EXERCISE DATA:
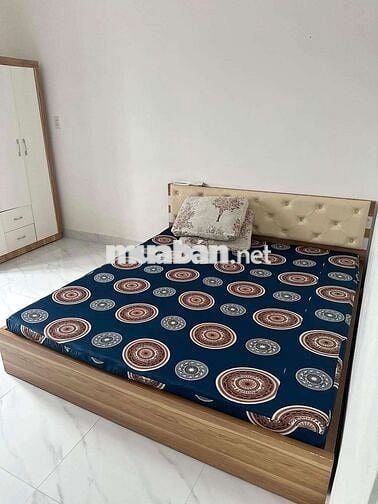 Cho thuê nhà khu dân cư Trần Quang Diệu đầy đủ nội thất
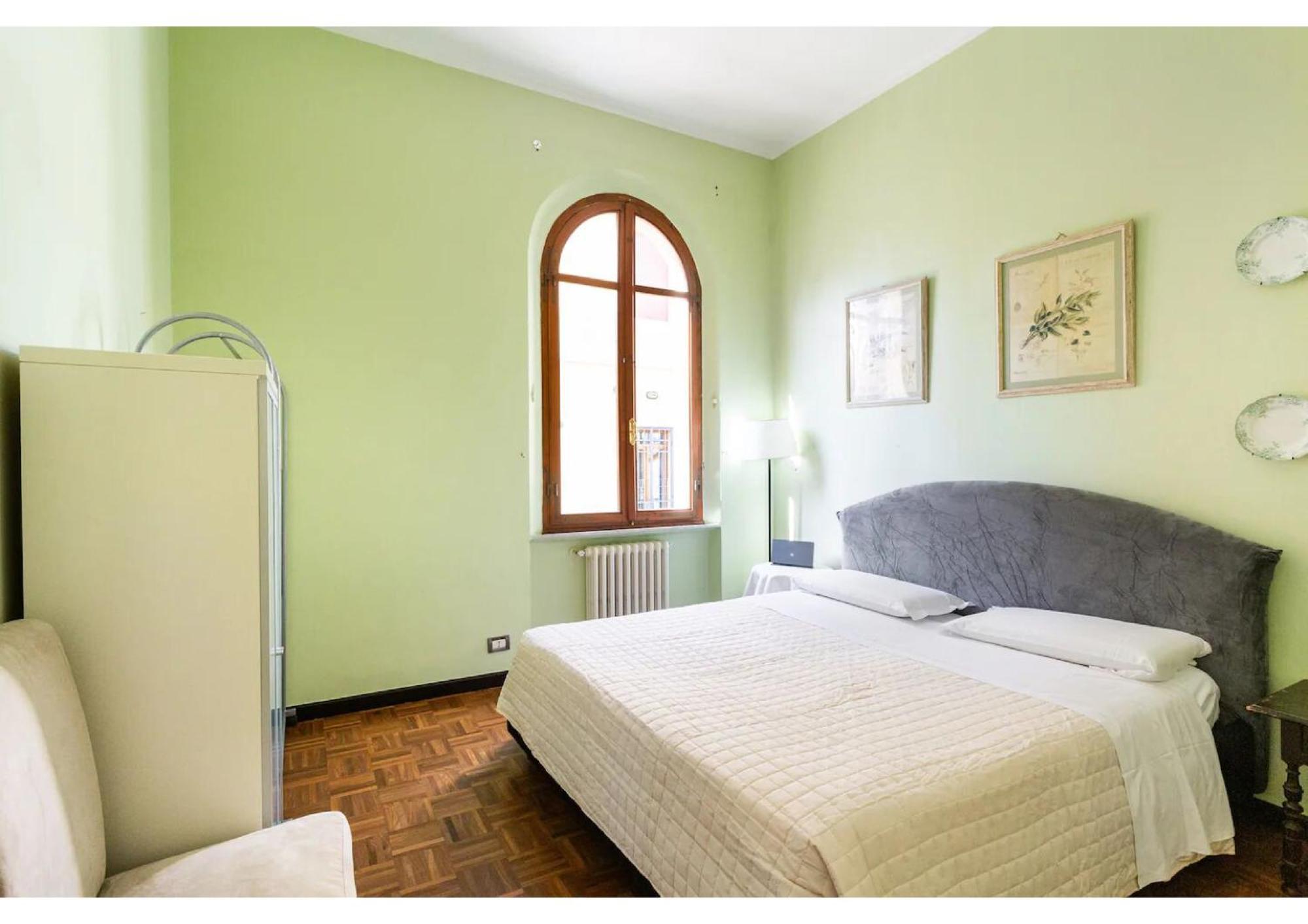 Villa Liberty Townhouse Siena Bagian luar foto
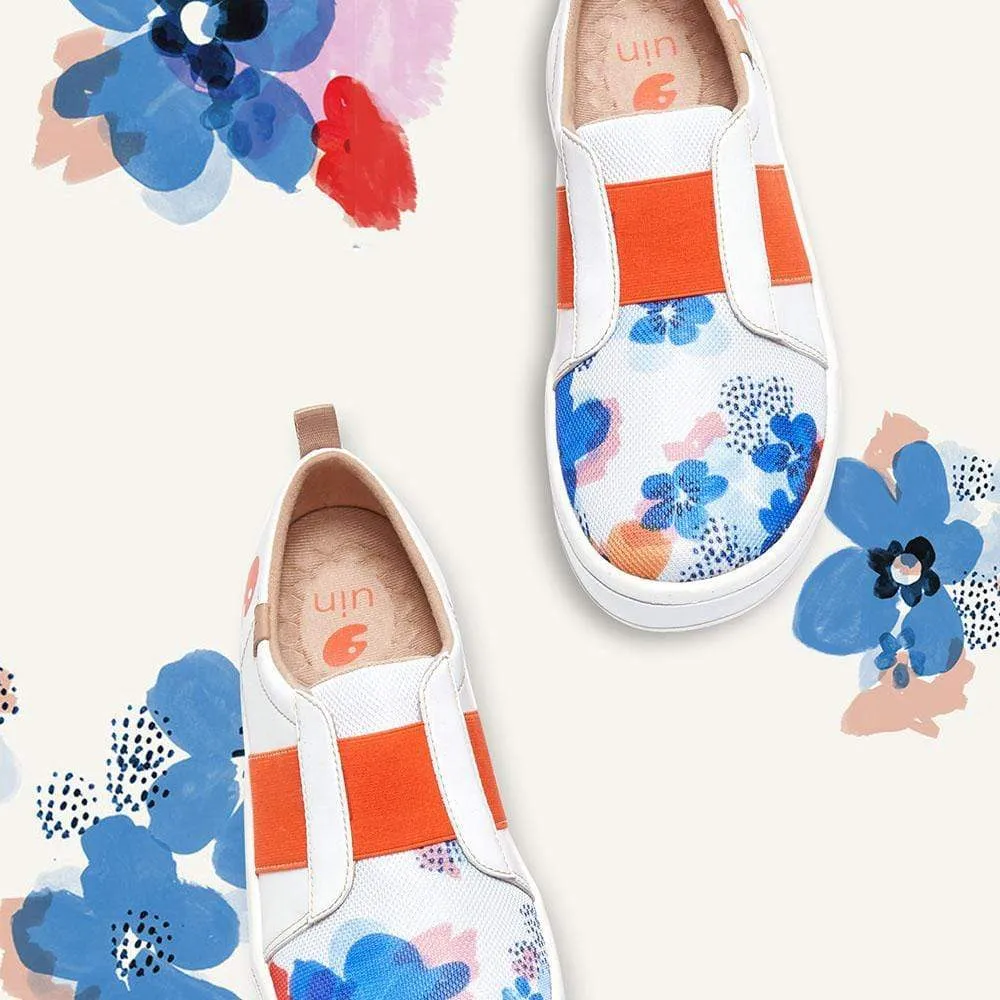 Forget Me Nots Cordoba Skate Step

WORK INSTRUCTIONS:
All of the material shown above needs to be duplicated exactly. Omit every picture.

THE ANSWER:
 Cho thuê nhà khu dân cư Trần Quang Diệu đầy đủ nội thất
 Villa Liberty Townhouse Siena Bagian luar foto
 Forget Me Nots Cordoba Skate Step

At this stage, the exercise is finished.